Thomas Lionel "Tom" Hill (born November 17, 1949, in New Orleans, Louisiana) is an American former athlete, who mainly competed in the 110 metre hurdles.

Competitive career
Hill was among the world's best high hurdlers in the early 1970s and ranked as the number one in the event in the world in 1970.  He was on the June 1970 cover of Track and Field News.  He competed for the United States in the 1972 Summer Olympics held in Munich, Germany, where he won the bronze medal in the men's 110 metre hurdles event.

Hill ran track for Arkansas State University where his best finish at the NCAA Championships was a second place in 1972.  He was the 1970 NCAA Indoor Champion for 60 yard hurdles.

After graduating, Hill completed his ROTC active duty obligation serving as assistant track coach at the United States Military Academy at West Point while still competing in the hurdles.
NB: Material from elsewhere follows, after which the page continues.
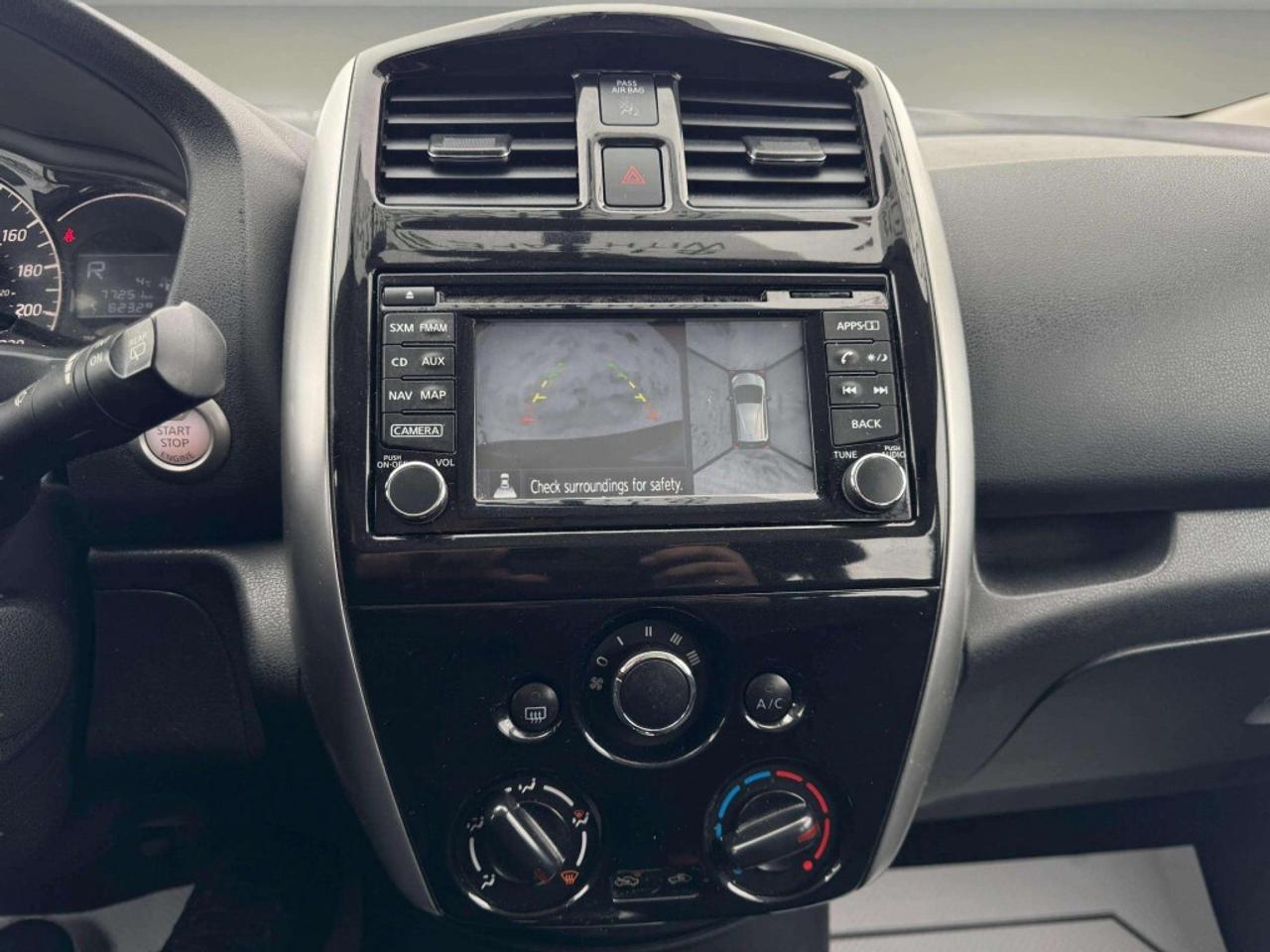 2016 Nissan Versa Note SL 5dr Hatchback Photo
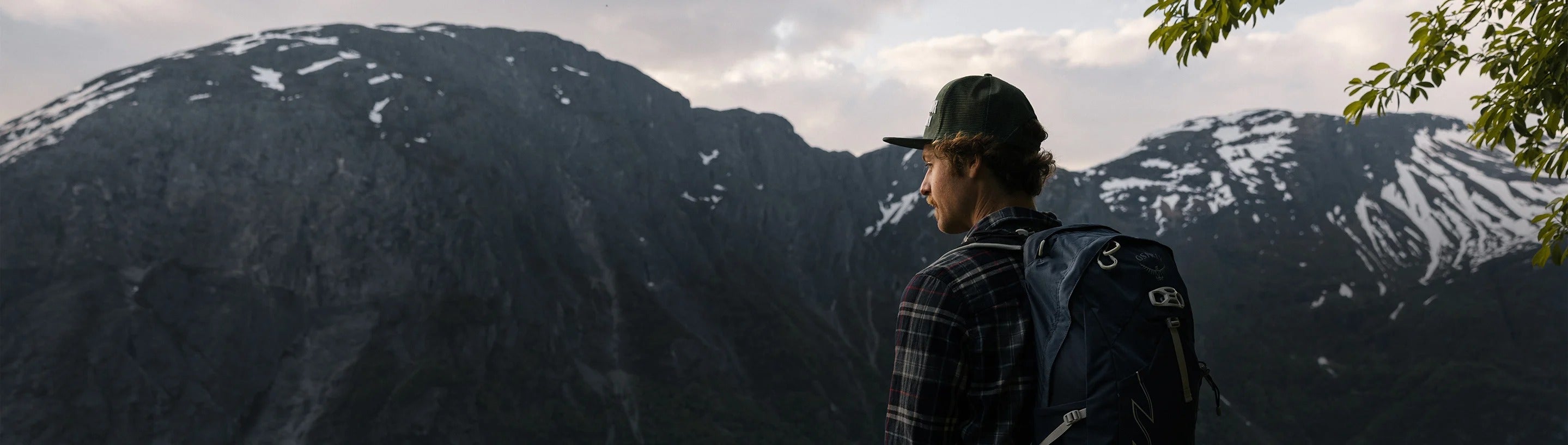 Men's Hiking Packs Banner image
Hill was inducted into the Arkansas Sports Hall of Fame in 1984.

Rankings

Hill was ranked among the top ten runners in his event in the world  and the extremely competitive US by Track and Field News on numerous occasions and as the world's best high hurdler in 1970:

Post-competitive career
Following his retirement from the sport, Hill has pursued a career in athletic and academic administration.  He earned his Ph.D. in Counselor Education from the University of Florida and served as assistant athletic director at both Tulane University and University of Oklahoma.  He later served as dean of students at Florida before moving to Iowa State University where he served as vice president for Student Affairs.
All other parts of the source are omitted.